● What the task requires
Repeat the whole listing below, word for word.

┌─ Exercise materials

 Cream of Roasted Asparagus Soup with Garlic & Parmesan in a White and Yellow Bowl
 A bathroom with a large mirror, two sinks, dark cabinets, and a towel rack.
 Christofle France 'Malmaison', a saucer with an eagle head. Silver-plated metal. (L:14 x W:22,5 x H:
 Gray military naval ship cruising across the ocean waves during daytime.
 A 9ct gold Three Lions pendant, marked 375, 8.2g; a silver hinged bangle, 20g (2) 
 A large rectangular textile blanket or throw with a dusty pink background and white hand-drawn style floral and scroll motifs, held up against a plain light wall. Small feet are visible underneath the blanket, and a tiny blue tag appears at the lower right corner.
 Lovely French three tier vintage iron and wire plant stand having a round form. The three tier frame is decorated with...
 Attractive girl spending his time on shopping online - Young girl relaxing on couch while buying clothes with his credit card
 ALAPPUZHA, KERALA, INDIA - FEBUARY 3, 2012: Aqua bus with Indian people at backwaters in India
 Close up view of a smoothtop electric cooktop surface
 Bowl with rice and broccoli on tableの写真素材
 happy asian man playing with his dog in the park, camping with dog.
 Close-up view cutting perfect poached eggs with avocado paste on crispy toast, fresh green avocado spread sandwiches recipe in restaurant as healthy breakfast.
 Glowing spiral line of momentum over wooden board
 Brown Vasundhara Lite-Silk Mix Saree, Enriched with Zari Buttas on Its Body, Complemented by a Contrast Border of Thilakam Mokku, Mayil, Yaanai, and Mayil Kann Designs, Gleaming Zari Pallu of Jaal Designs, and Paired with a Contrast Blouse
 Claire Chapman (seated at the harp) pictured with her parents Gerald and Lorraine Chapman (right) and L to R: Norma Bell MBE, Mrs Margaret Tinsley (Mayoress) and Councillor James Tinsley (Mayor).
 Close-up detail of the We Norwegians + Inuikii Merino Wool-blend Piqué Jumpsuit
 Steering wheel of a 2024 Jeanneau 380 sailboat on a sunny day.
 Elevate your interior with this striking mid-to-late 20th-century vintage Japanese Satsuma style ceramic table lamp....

└─

● Output of the task
 Cream of Roasted Asparagus Soup with Garlic & Parmesan in a White and Yellow Bowl
 A bathroom with a large mirror, two sinks, dark cabinets, and a towel rack.
 Christofle France 'Malmaison', a saucer with an eagle head. Silver-plated metal. (L:14 x W:22,5 x H:
 Gray military naval ship cruising across the ocean waves during daytime.
 A 9ct gold Three Lions pendant, marked 375, 8.2g; a silver hinged bangle, 20g (2) 
 A large rectangular textile blanket or throw with a dusty pink background and white hand-drawn style floral and scroll motifs, held up against a plain light wall. Small feet are visible underneath the blanket, and a tiny blue tag appears at the lower right corner.
 Lovely French three tier vintage iron and wire plant stand having a round form. The three tier frame is decorated with...
 Attractive girl spending his time on shopping online - Young girl relaxing on couch while buying clothes with his credit card
 ALAPPUZHA, KERALA, INDIA - FEBUARY 3, 2012: Aqua bus with Indian people at backwaters in India
 Close up view of a smoothtop electric cooktop surface
 Bowl with rice and broccoli on tableの写真素材
 happy asian man playing with his dog in the park, camping with dog.
 Close-up view cutting perfect poached eggs with avocado paste on crispy toast, fresh green avocado spread sandwiches recipe in restaurant as healthy breakfast.
 Glowing spiral line of momentum over wooden board
 Brown Vasundhara Lite-Silk Mix Saree, Enriched with Zari Buttas on Its Body, Complemented by a Contrast Border of Thilakam Mokku, Mayil, Yaanai, and Mayil Kann Designs, Gleaming Zari Pallu of Jaal Designs, and Paired with a Contrast Blouse
 Claire Chapman (seated at the harp) pictured with her parents Gerald and Lorraine Chapman (right) and L to R: Norma Bell MBE, Mrs Margaret Tinsley (Mayoress) and Councillor James Tinsley (Mayor).
 Close-up detail of the We Norwegians + Inuikii Merino Wool-blend Piqué Jumpsuit
 Steering wheel of a 2024 Jeanneau 380 sailboat on a sunny day.
 Elevate your interior with this striking mid-to-late 20th-century vintage Japanese Satsuma style ceramic table lamp....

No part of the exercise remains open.